【民事訴訟のQ&A】文書提出命令とは何ですか?

裁判所が一方の当事者の申立に基づいて立証に必要な文書の提出を所持者に対し命令する制度です。これには、平成11年の民事訴訟法の改正で改正がありました。基本的にすべての文書について提出を命ずることができるようになったのです。

裁判をする場合、重要なのはどういう証拠が出せるかです。裁判官は証拠によって判断をするからです。しかし、証拠となる書類などは、相手当事者がたくさんもっていることがあります。(これを、証拠の偏在の問題といいます。)

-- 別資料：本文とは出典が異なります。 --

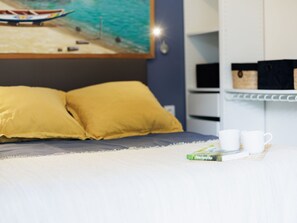 1 Schlafzimmer, Internetzugang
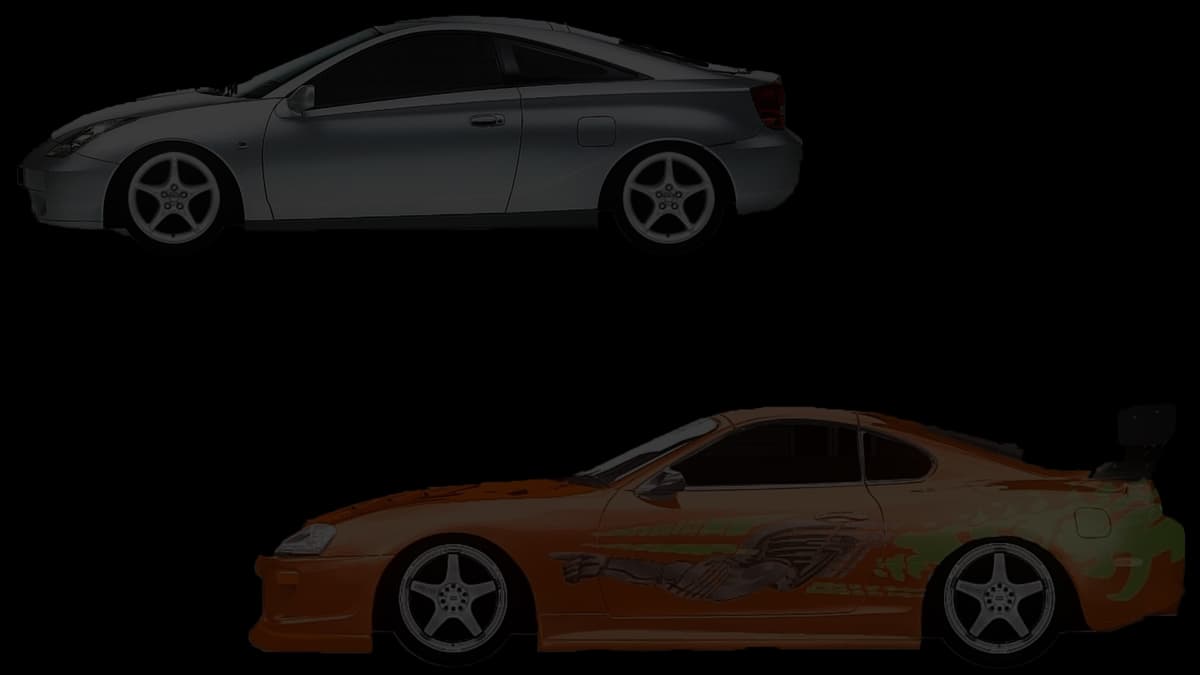 Japan cars 2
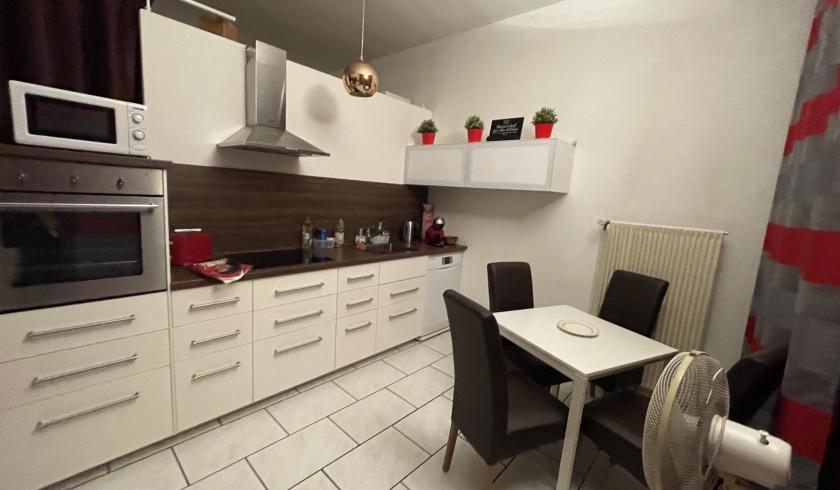 Stadt Solothurn Ganz Privat - photo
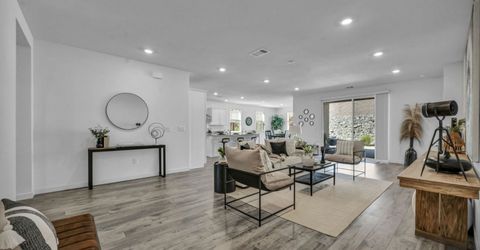 8405 Fenhollow Drive, Verdi, NV 89439 Photo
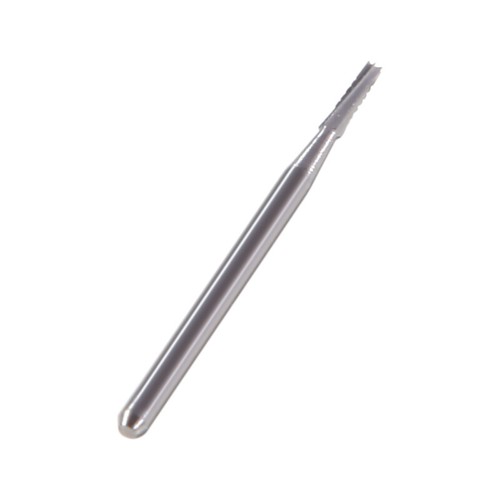 Dental Surgical Length Bur Flat Fissure FG SURG 556 25mm Carbide For High Speed - Picture 13 of 17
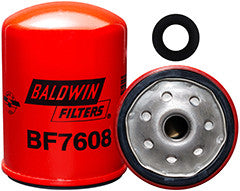 FUEL FILTER FOR FORD - BF7608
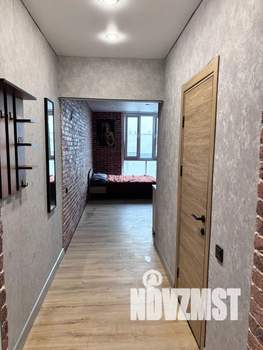 Студия квартира, посуточно, 30м2, 20/30 этаж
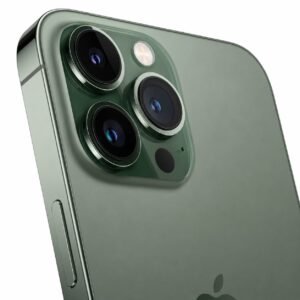 CELULAR LIBRE IPHONE RETECH 13 PRO 128GB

対等に戦うには、相手方の所持する文書を裁判所に提出させる必要があるわけです。

文書提出命令とは、民事訴訟法220条にある制度です。

第220条 次に掲げる場合には、文書の所持者は、その提出を拒むことができない。
1 当事者が訴訟において引用した文書を自ら所持するとき。
2 挙証者が文書の所持者に対しその引渡し又は閲覧を求めることができるとき。
3 文書が挙証者の利益のために作成され、又は挙証者と文書の所持者との間の法律関係について作成されたとき。
4 前3号に掲げる場合のほか、文書が次に掲げるもののいずれにも該当しないとき。
【略】

この4号で、各号に定める場合を除いては、一般的に文書の提出義務があることが定められています。従前よりも、文書提出義務の範囲は広がり、武器対等は実現しつつあります。また、民事訴訟はこの証拠を出させるという機能も、持っていることになります。